|Title||Early Results from the Ionospheric Sounding Mode Using Chirp Ionosondes of Opportunity for the HamSCI Personal Space Weather Station|
|Publication Type||Conference Paper|
|Year of Publication||2021|
|Authors||Joshi, D, Frissell, N, Liles, W, Vierinen, J, Miller, ES|
|Conference Name||2021 XXXIVth General Assembly and Scientific Symposium of the International Union of Radio Science (URSI GASS)|
The objective of the Ham Radio Science Citizen Investigation (HamSCI) Personal Space Weather Station (PSWS) project is to develop a distributed array of ground-based multi-instrument nodes capable of remote sensing the geospace system. This system is being designed with the intention of distribution to a large number of amateur radio and citizen science observers.
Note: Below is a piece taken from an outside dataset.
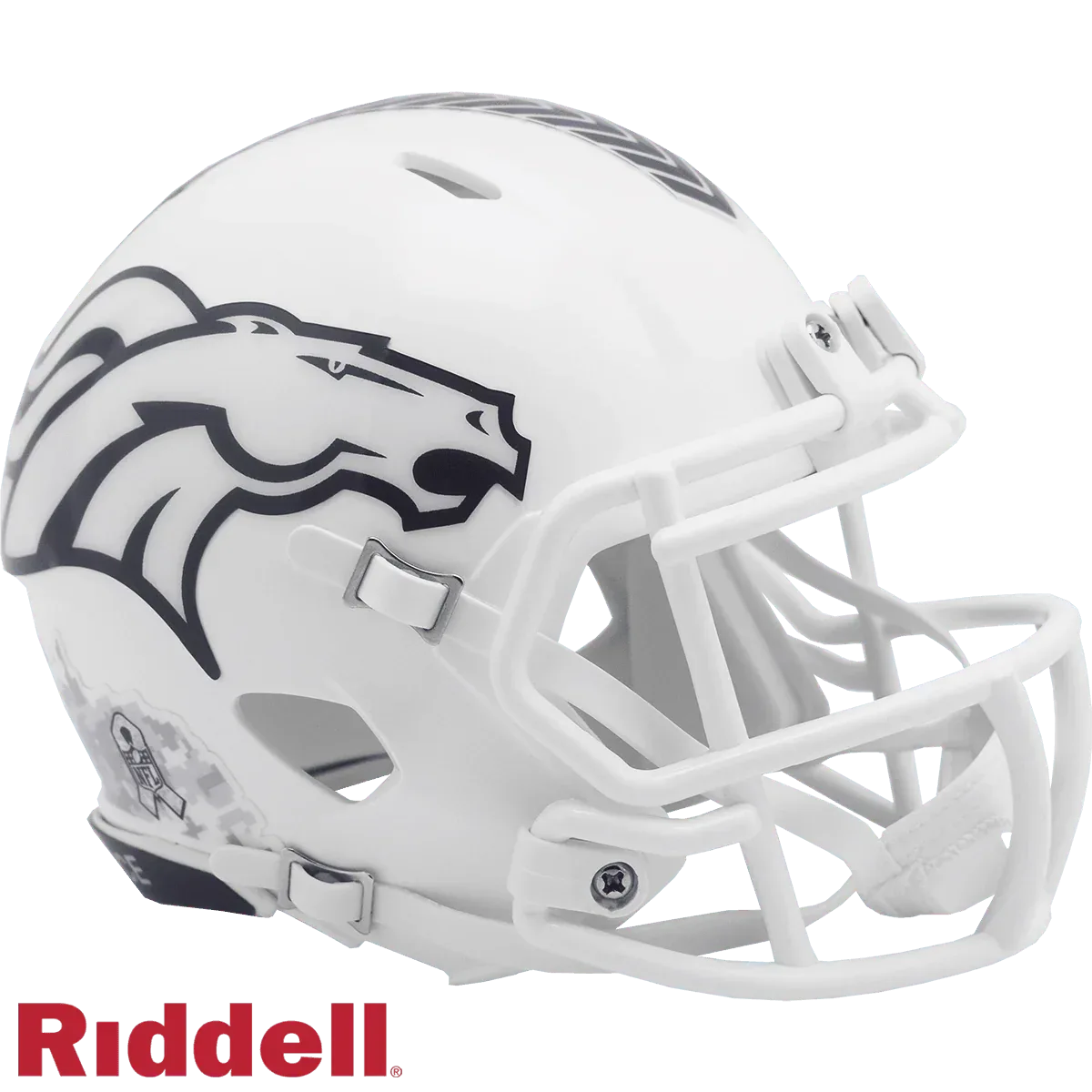 Denver Broncos Salute to Service Riddell Mini Helmet 2024 - ToylandEU™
This will create an unprecedented opportunity to probe the ionosphere at finer resolution in both time and space as all measurements will be collected into a central database for coordinated analysis. Individual nodes are being designed to service the needs of the professional space science researcher while being cost-accessible and of interest to amateur radio operators and citizen scientists. At the heart of the HamSCI PSWS will be a high performance 0.1–60 MHz software defined radio (SDR)  with GNSS-based precision timestamping and frequency reference. This SDR is known as the TangerineSDR and is being developed by the Tucson Amateur Packet Radio (TAPR) amateur radio organization. The primary objective of PSWS system is to gather observations to understand the short term and small spatial scale ionospheric variabilities in the ionosphere-thermosphere system. These variabilities are important for understanding a variety of geophysical phenomena such as Traveling Ionospheric Disturbances (TIDs) , Ionospheric absorption events, geomagnetic storms and substorms. We present early results suggesting signature of Traveling Ionospheric Disturbances (TIDs) from an ionospheric sounding mode that we intend to implement on the PSWS system, currently implemented on an Ettus N200 Universal Software Radio Peripheral (USRP) using the open source GNU Chirpsounder data collection and analysis code.